=== RECORDED DATA ===
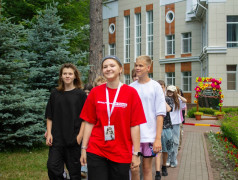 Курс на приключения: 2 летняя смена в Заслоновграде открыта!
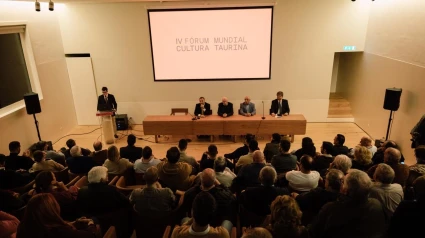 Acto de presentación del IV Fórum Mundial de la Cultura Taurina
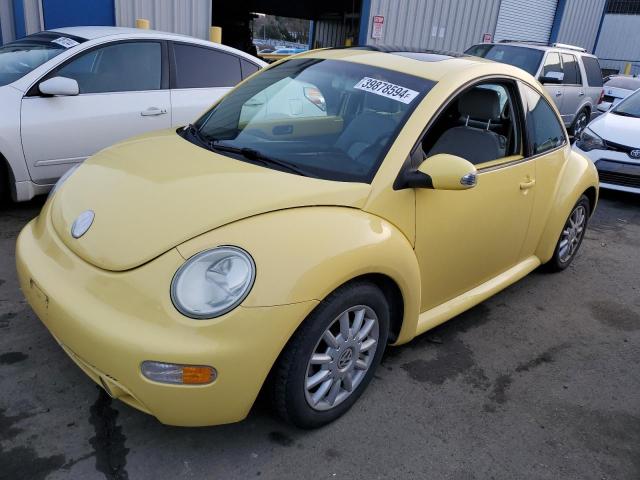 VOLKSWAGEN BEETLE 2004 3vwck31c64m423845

=== ASSIGNMENT ===
Transcribe the full listing exactly, but keep every image out of it.

=== SOLUTION ===
 Курс на приключения: 2 летняя смена в Заслоновграде открыта!
 Acto de presentación del IV Fórum Mundial de la Cultura Taurina
 VOLKSWAGEN BEETLE 2004 3vwck31c64m423845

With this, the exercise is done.